The heater housing may also provide protruding rails running longitudinally along the inner surface of the heater housing. The guide rails are arranged to mate with slots or grooves located along the outer surface of the extractor body. The engagement of the guide rails with the corresponding slots on the extractor body ensures that the extractor body does not rotate when positioned or slid within the heater housing. Alternatively, the heater housing may further provide a guide slot, and the extractor body may have a protrusion configured to mate with the guide slot of the heater housing such that the extractor body does not rotate when positioned or slid within the heater housing.

The heater housing also provides a receptacle for the heater to be substantially contained therein. This may reduce the likelihood of a user coming into direct contact with the heater of the device.

The effective diameter of the extractor body together with the resilient coupling element may be greater than the diameter of the heater housing.

The aerosol-generating device may be an electrically heated aerosol-generating system comprising a heater, preferably an electric heater. Alternatively, the aerosol-generating device may be a heater aerosol-generating system comprising a gas burner or some heat source other than electricity. Alternatively, there is provided an electrically heated aerosol-generating system for receiving an aerosol-generating article comprising an aerosol-forming substrate, the electrically heated aerosol-generating system being capable of positioning an aerosol-generating article and comprising: an electric heater for heating the aerosol-forming substrate; and an extractor for extracting an aerosol-generating article received in an electrically heated aerosol-generating system, wherein the extractor is in accordance with any embodiment of the first aspect of the present invention.
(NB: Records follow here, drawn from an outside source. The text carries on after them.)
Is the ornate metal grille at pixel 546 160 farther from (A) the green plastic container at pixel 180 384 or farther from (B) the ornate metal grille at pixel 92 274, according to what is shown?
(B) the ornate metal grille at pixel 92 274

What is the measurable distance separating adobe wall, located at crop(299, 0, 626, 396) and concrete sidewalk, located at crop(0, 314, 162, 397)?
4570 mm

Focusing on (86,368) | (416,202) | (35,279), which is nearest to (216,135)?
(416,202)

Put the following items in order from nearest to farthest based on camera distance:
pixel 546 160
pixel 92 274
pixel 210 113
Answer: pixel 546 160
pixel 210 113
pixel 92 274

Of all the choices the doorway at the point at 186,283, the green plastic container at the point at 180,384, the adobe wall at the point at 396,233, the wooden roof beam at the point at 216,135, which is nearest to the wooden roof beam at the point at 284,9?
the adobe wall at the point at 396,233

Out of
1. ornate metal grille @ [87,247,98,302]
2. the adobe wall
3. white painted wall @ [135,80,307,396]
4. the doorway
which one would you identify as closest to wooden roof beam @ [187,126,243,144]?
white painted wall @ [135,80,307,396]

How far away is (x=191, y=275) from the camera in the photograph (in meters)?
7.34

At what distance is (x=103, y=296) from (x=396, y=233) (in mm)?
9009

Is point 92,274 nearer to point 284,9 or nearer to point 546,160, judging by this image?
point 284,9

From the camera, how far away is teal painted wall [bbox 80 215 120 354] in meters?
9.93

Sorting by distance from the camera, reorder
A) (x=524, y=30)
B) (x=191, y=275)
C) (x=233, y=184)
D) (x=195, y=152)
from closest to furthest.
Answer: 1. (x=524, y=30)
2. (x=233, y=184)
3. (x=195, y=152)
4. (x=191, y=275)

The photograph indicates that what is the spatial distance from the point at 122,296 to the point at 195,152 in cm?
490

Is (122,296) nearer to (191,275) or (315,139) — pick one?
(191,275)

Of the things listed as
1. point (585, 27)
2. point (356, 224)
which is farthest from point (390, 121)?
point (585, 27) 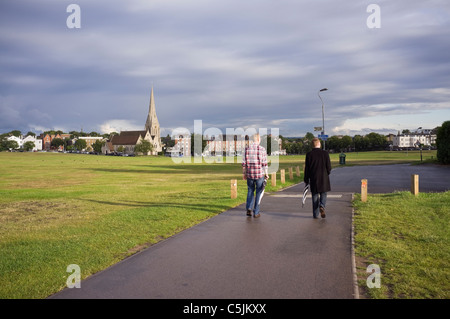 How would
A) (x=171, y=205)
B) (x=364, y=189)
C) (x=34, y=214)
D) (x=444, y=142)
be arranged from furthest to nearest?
(x=444, y=142)
(x=171, y=205)
(x=364, y=189)
(x=34, y=214)

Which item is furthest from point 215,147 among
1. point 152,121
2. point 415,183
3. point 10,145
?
point 415,183

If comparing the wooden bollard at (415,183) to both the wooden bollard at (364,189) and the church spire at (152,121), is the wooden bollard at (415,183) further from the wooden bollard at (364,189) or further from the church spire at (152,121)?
the church spire at (152,121)

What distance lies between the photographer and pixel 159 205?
12180mm

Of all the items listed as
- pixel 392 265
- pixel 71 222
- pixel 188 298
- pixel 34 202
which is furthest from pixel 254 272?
pixel 34 202

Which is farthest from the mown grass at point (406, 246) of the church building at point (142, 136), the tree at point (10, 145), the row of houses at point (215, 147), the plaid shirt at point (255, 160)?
the tree at point (10, 145)

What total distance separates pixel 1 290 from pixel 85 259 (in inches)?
55.1

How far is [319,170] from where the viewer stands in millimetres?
9039

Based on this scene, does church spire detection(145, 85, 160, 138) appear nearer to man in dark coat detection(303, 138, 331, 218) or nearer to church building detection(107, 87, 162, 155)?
church building detection(107, 87, 162, 155)

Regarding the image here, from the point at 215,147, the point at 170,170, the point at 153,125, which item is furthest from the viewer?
the point at 153,125

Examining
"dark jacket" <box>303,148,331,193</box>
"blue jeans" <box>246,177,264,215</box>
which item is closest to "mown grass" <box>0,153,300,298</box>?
"blue jeans" <box>246,177,264,215</box>

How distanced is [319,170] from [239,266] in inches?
176

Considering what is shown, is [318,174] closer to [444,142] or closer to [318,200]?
[318,200]

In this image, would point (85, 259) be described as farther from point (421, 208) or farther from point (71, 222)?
point (421, 208)

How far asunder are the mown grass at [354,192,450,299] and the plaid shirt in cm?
267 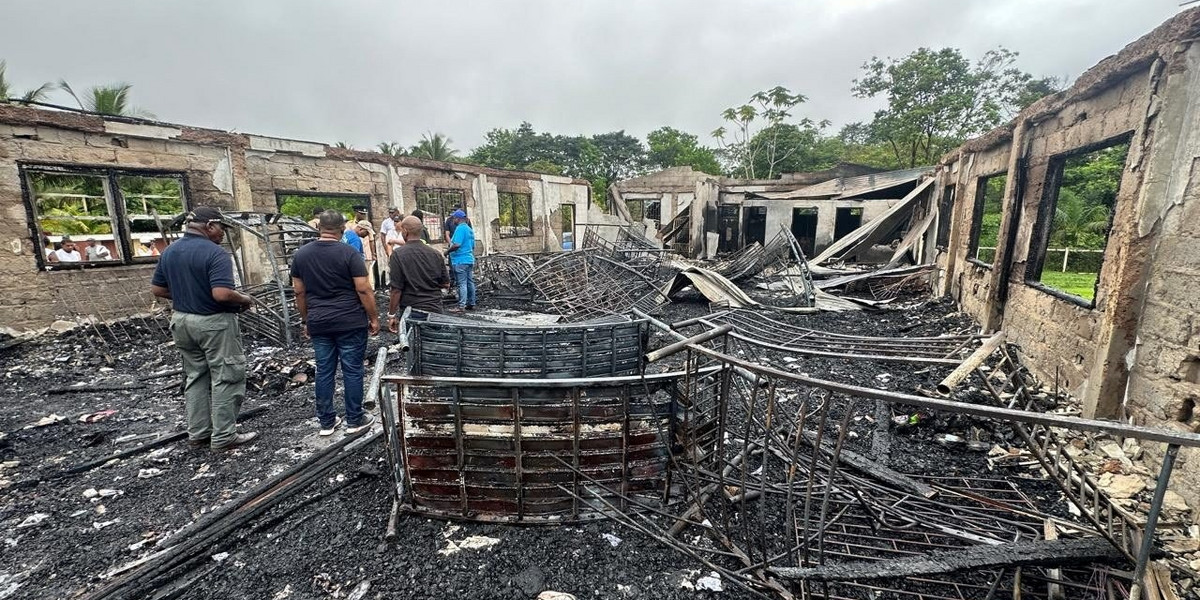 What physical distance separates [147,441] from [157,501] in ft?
3.38

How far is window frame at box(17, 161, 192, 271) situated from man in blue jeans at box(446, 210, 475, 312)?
4038 mm

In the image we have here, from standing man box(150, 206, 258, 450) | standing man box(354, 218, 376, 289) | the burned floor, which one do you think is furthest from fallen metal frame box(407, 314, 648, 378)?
standing man box(354, 218, 376, 289)

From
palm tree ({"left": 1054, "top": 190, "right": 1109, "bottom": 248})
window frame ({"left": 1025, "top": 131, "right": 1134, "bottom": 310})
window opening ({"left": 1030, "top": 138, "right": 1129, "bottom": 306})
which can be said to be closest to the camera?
window frame ({"left": 1025, "top": 131, "right": 1134, "bottom": 310})

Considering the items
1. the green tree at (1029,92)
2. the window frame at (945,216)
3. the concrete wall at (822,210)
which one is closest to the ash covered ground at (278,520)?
the window frame at (945,216)

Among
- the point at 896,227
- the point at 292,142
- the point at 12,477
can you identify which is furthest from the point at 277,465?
the point at 896,227

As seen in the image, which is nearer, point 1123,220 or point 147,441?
point 1123,220

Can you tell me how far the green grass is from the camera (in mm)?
8770

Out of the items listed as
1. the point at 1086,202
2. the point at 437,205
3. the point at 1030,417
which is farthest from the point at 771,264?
the point at 1086,202

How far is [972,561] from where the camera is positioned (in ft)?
5.35

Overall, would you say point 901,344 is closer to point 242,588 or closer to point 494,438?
point 494,438

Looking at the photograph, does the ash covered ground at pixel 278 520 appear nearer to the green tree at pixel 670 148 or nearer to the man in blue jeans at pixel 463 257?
the man in blue jeans at pixel 463 257

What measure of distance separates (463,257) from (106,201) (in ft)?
15.9

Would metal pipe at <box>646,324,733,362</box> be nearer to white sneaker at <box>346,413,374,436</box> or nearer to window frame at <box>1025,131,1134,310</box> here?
white sneaker at <box>346,413,374,436</box>

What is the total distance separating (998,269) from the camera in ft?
17.8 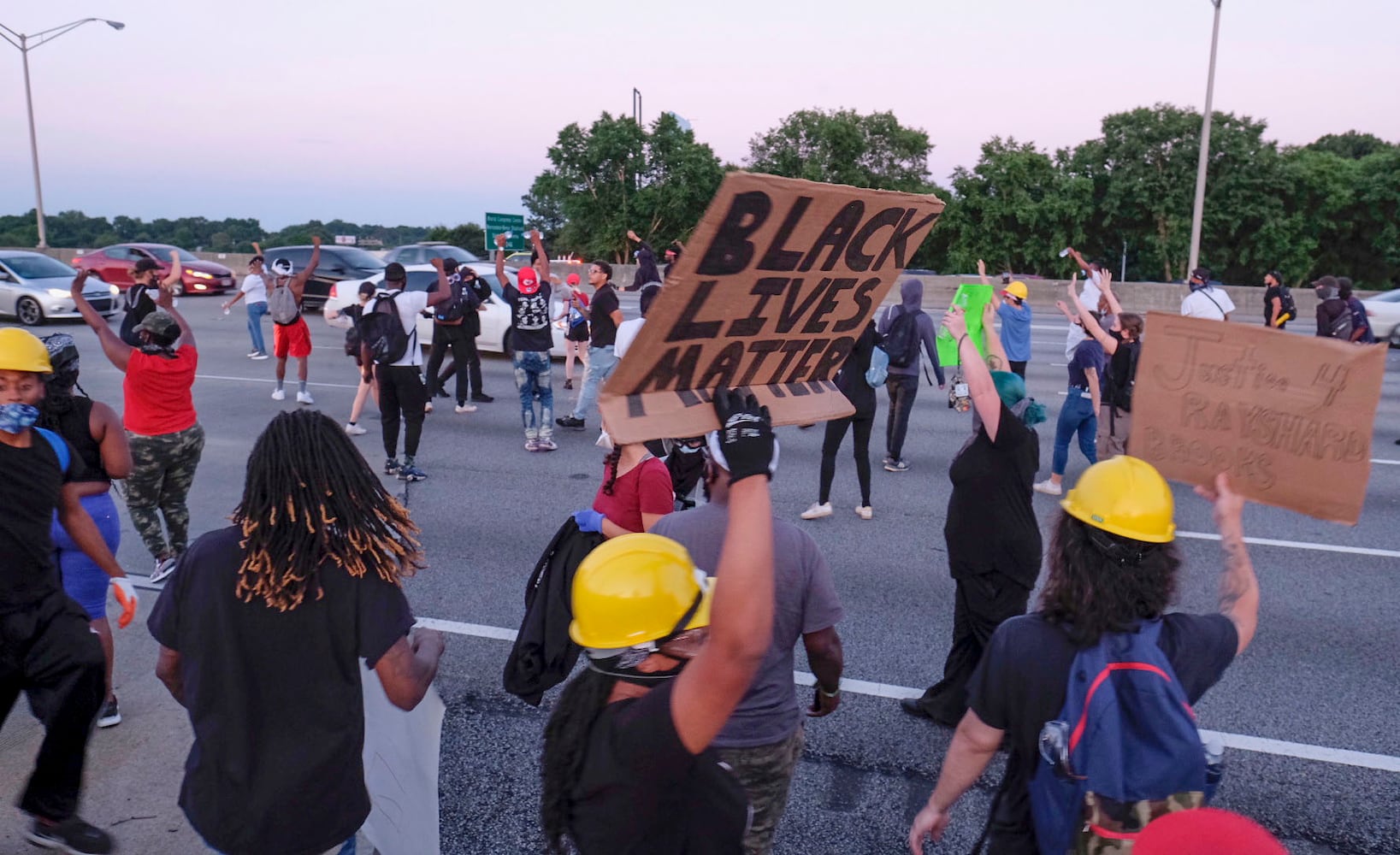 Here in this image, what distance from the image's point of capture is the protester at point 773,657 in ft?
9.46

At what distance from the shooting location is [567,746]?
2078 millimetres

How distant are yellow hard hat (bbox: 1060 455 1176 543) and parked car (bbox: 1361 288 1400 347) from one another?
72.0 feet

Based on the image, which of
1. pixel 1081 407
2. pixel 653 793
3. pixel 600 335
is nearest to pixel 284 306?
pixel 600 335

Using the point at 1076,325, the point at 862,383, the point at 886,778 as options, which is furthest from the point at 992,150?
the point at 886,778

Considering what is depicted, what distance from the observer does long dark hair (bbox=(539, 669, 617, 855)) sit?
206 centimetres

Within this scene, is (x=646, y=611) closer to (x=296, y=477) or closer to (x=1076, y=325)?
(x=296, y=477)

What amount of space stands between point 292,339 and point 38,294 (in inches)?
483

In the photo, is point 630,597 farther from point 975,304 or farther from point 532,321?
point 532,321

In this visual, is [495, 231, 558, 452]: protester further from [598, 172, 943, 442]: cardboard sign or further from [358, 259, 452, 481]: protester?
[598, 172, 943, 442]: cardboard sign

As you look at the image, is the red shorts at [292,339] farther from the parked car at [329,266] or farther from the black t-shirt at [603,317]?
the parked car at [329,266]

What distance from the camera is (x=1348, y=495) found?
2668 mm

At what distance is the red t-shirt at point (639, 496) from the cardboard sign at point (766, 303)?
1497 millimetres

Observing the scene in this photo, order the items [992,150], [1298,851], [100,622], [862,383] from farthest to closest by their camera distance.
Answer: [992,150] < [862,383] < [100,622] < [1298,851]

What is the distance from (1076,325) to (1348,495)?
764cm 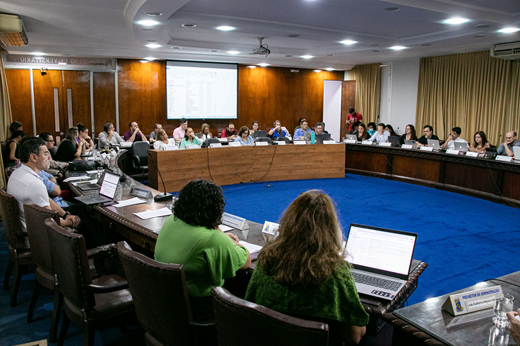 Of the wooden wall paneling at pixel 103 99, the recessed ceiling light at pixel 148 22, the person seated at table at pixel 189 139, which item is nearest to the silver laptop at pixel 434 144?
the person seated at table at pixel 189 139

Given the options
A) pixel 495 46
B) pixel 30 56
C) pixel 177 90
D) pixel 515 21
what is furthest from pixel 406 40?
pixel 30 56

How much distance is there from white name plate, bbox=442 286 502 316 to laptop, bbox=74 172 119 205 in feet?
8.95

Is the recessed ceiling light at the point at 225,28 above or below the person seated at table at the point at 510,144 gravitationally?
above

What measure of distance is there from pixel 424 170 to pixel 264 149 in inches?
119

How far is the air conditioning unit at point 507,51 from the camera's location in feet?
24.5

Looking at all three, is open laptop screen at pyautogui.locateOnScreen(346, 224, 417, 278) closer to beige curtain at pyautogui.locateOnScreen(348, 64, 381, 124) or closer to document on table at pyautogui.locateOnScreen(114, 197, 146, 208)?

The term "electric heater" refers to one or more electric heating elements. The electrical heater may comprise an internal electrical heating element for at least partial insertion into an aerosol-forming substrate of the aerosol-generating article when the aerosol-generating article is received in the extractor and the extractor is proximate to the heater. An "internal heating element" is an element adapted to be inserted or impregnated into an aerosol-generating material. The invention is particularly advantageous when used in conjunction with an internal heating element, because in such cases the aerosol-forming substrate may have a tendency to adhere to the heating element and thus break when the aerosol-forming substrate is separated from the heating element.

Alternatively or additionally, the electric heater may comprise an external heating element. The term "external heating element" refers to an element that at least partially surrounds the aerosol-forming substrate. The electric heater may include one or more internal heating elements and one or more external heating elements.

The electric heater may comprise a single heating element. Alternatively, the electric heater may comprise more than one heating element. The heating element or elements may be arranged appropriately to heat the aerosol-forming substrate most efficiently.

The electric heater may take any suitable form. For example, the electric heater may take the form of a heating blade. Alternatively, the electric heater may take the form of a housing or substrate with different conductive portions or a resistive metal tube. Alternatively, one or more heated needles or rods running through the centre of the aerosol-forming substrate may also have been described. Alternatively, the electric heater may be a disk (end) heater or a combination of a disk heater and a heating pin or rod. Other alternatives include electrical wires or filaments, such as Ni-Cr (nickel-chromium), platinum, tungsten or alloy wires or heater plates. Alternatively, the heating element may be placed in or on a rigid carrier material.

The electric heater may comprise a heat sink or reservoir comprising a material capable of absorbing and storing heat and subsequently releasing heat to the aerosol-forming substrate over time. The heat sink may be formed of any suitable material, such as a suitable metal or ceramic material. In one embodiment, the material has a high heat capacity (sensible heat storage material), or the material is one that is capable of absorbing and then releasing heat via a reversible process (e.g., high temperature phase change). Suitable sensible heat storage materials include silica gel, alumina, carbon, glass mat, glass fiber, minerals, metals or alloys such as aluminum, silver or lead, and cellulosic materials such as paper. Other suitable materials that release heat via a reversible phase change include paraffin, sodium acetate, naphthalene, wax, polyethylene oxide, metals, metal salts, optimum salt mixtures or alloys.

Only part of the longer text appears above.